WASHINGTON (WASHINGTON POST) - Defence Secretary Jim Mattis said he had never spoken to President Donald Trump about leaving his position and was continuing to do his job, a day after Trump derided him as "sort of a Democrat" in an interview with CBS News' "60 Minutes" and said "it could be" that the Pentagon chief is leaving his post.
Mattis, who was speaking to reporters en route to Vietnam, said he had never registered for any political party, having joined the military when he was 18 years old and adhered to its apolitical underpinnings as Republicans and Democrats alike came and went as commander in chief.
"Where am I today? I'm a member of the president's administration. And you have seen President Donald Trump's military policies, security policies, reaping significant bipartisan support," the 68-year-old retired Marine Corps general said, according to a transcript released by the Pentagon.
"When you think 83 per cent of the U.S. Congress voting the same way on an issue put forward by the Republican president, you can see that my portfolio is bipartisan by its very basis, and that is the protection of the United States," Mattis added.
Mattis said he had not spoken to Trump about the comments on "60 Minutes" and didn't watch the interview.
"We continue in the Department of Defence to do our job," he said. "It's no problem."

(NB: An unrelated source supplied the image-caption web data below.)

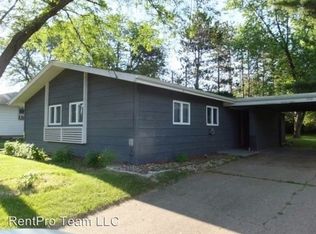 1312 34th Avenue A #A, Moline, IL 61265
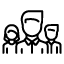 Experienced Team of Linguists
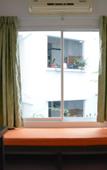 Туры в отель Zephyr Grand Hotel Туры в отель Zephyr Grand Hotel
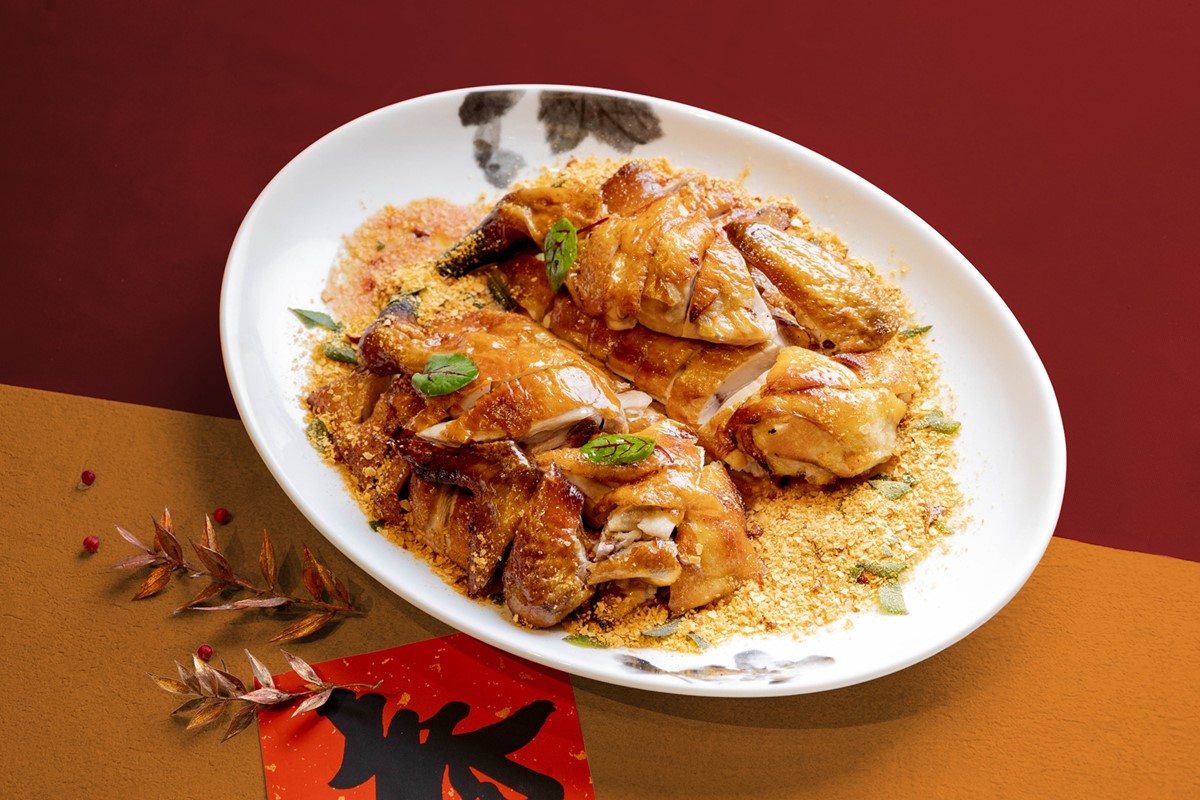 2026年菜預購推薦!10家飯店外帶年菜、宅配年菜、早鳥優惠(不斷更新) 2026年菜預購推薦!10家飯店外帶年菜、宅配年菜、早鳥優惠(不斷更新)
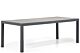 Garden Collections Milton/Residence 220 cm dining tuinset 7-delig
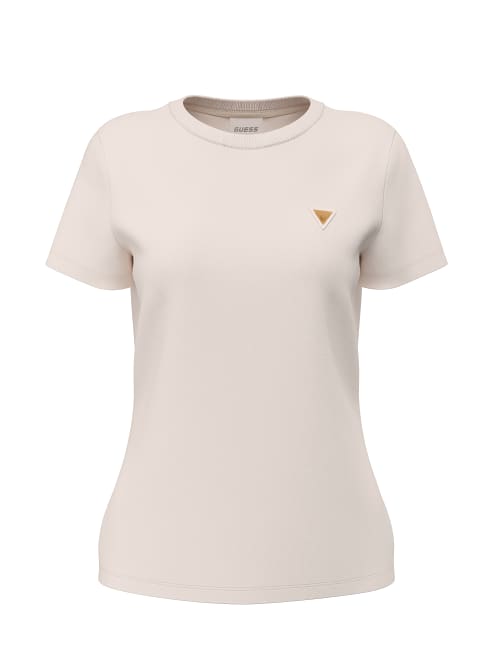 CAMISETA COLETTE - GUESS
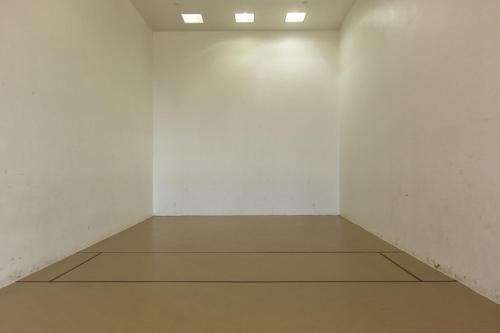 Apartamento Phoenix III #3109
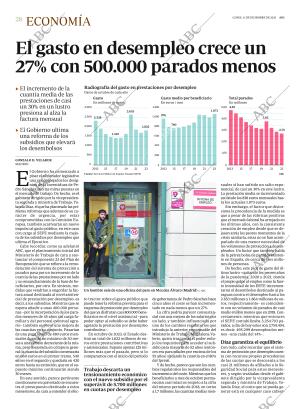ABC MADRID 11-12-2023 página 28
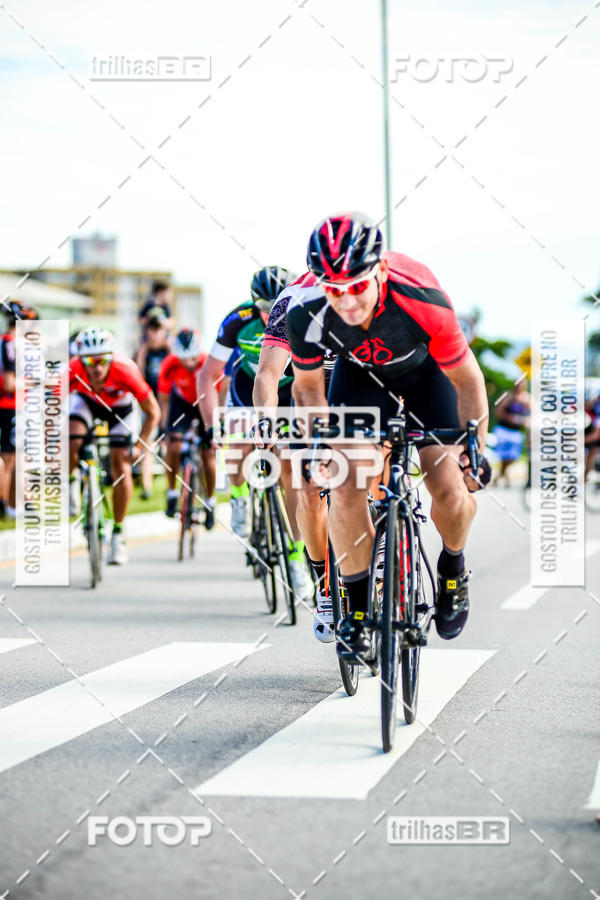 Buy your photos of the eventGP RUBEN SILVA on Fotop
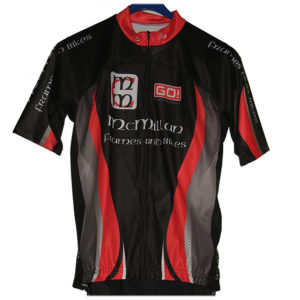 Kleding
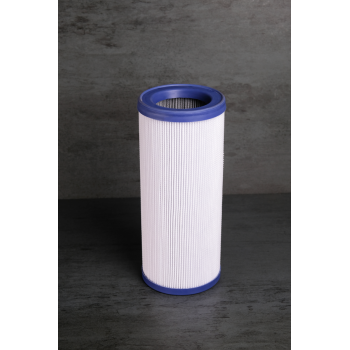 Фильтр гидравлический Q-Filter QH500017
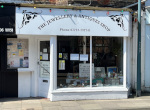 No 12A Jewellery and Antiques 2024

“He said, ‘I’m 100 percent with you’,” Mattis said.
Questions about Mattis' future in the administration have arisen pointedly in recent weeks, particularly after journalist Bob Woodward released a book claiming that the defence secretary had said the president had the understanding of a fifth- or sixth-grader. Mattis denied making the comments and dismissed Woodward's reporting as fiction.
Though talk of Mattis' departure had settled down, Nikki Haley's resignation as the ambassador to the United Nations reignited the speculation, which Trump fuelled further in his interview over the weekend.
"I think he's sort of a Democrat, if you want to know the truth," Trump said.
"But General Mattis is a good guy. We get along very well. He may leave. I mean, at some point, everybody leaves. Everybody. People leave. That's Washington."
Mattis has also split with the president on key policy issues. He advocated for an extended presence in Afghanistan, pushed to keep the United States in the Iran nuclear deal and argued against the cancellation of certain military exercises with South Korea as part of nuclear talks with Pyongyang.
The defence secretary declined to detail his thoughts about Saudi Arabia's alleged killing of Washington Post contributor Jamal Khashoggi in Turkey and said he would wait until Secretary of State Mike Pompeo's return from Riyadh.
"I need to have the facts first. I know it's unusual at times in government circles. Some people talk quickly," Mattis said. "I think the secretary of state will be airborne shortly. And we will know more when he gets back. And that'll be very, very soon. So I want to wait until I have facts before I start talking, because facts will determine where I stand."
Mattis said the fact that Pompeo, the most senior Cabinet official in the United States, was going to the region as a result gave "an idea of the priority the president has placed on getting the facts."